- [INFORMATION GIVEN]
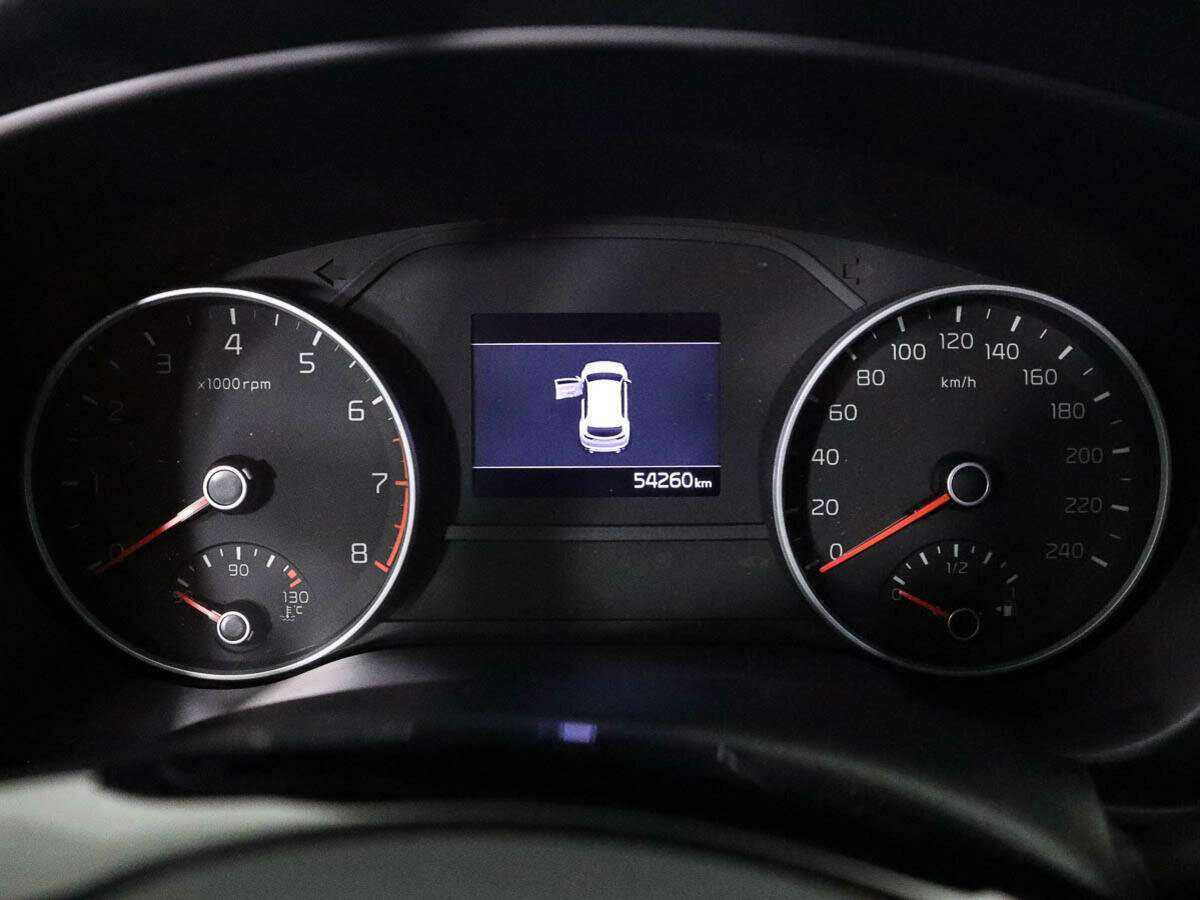 Купить Kia Sportage, 2018, 54 219 км.. Фото: #9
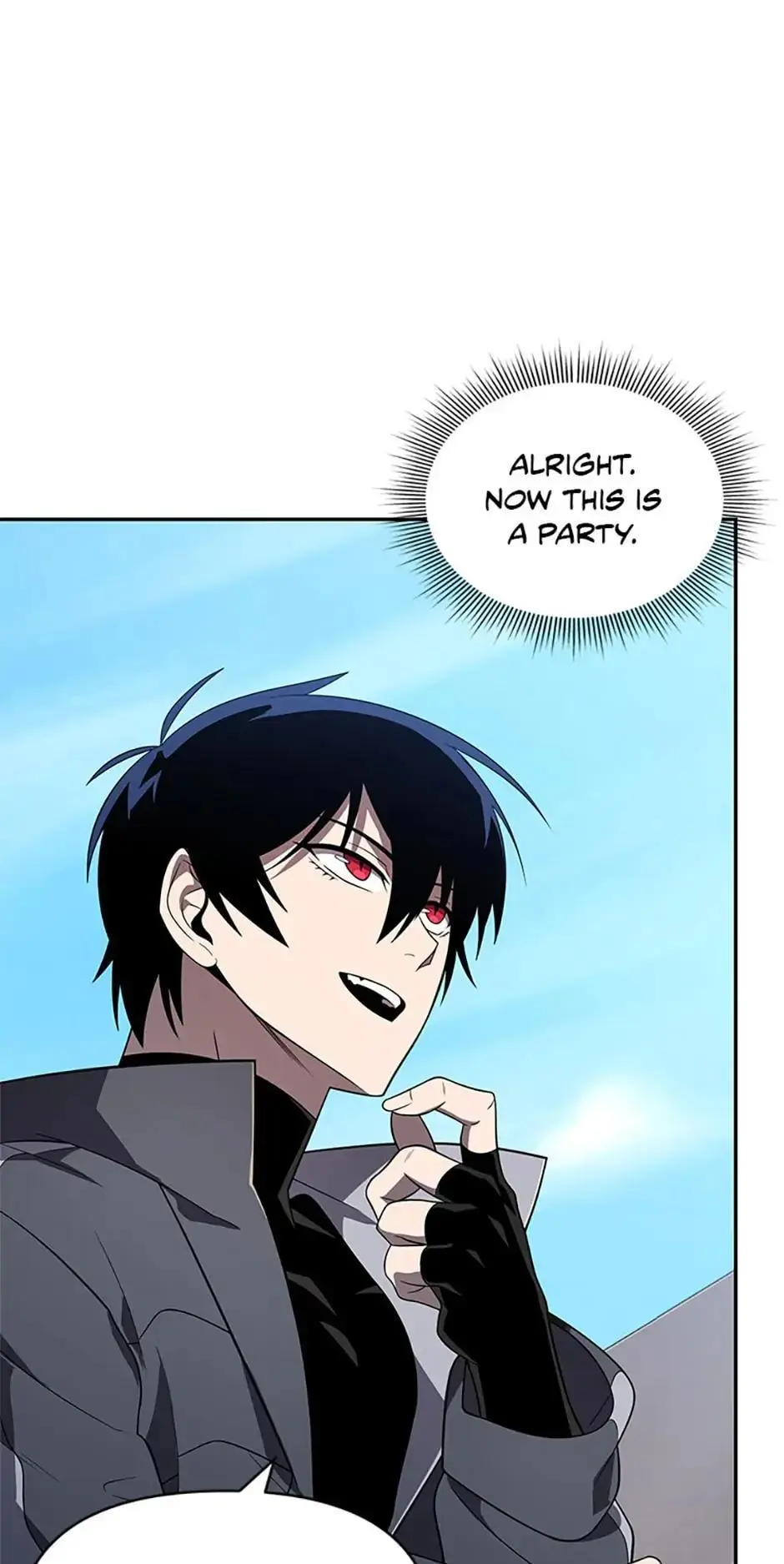 After Ten Millennia in Hell Chapter 33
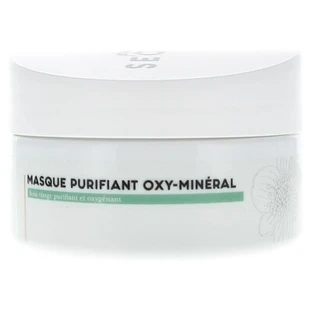 Mascarilla purificante Oxy-Mineral de Pin Up Secret, 200 ml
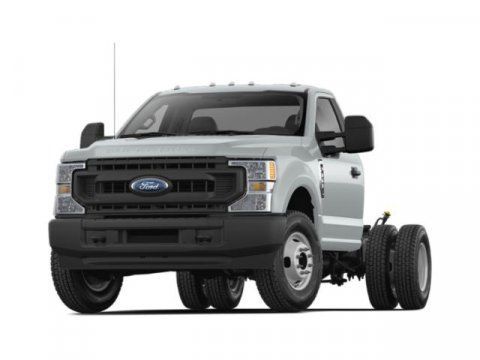 New 2024 Ford Super Duty F-350 DRW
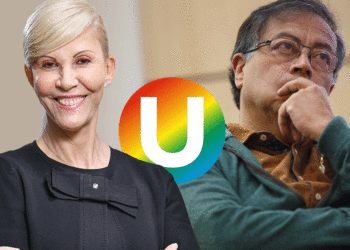 El Partido de la U rompe relaciones con el gobierno Petro y se declara independiente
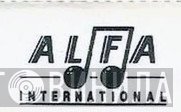 Alfa International  - Винил CD и Кассеты лейбла Alfa International (3) на сайте МаркетВинила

- [EXERCISE AIM]
The response must match the listing exactly, except that pictures are removed.

- [ANSWER TO THIS PROBLEM]
 Купить Kia Sportage, 2018, 54 219 км.. Фото: #9
 After Ten Millennia in Hell Chapter 33
 Mascarilla purificante Oxy-Mineral de Pin Up Secret, 200 ml
 New 2024 Ford Super Duty F-350 DRW
 El Partido de la U rompe relaciones con el gobierno Petro y se declara independiente
 Alfa International  - Винил CD и Кассеты лейбла Alfa International (3) на сайте МаркетВинила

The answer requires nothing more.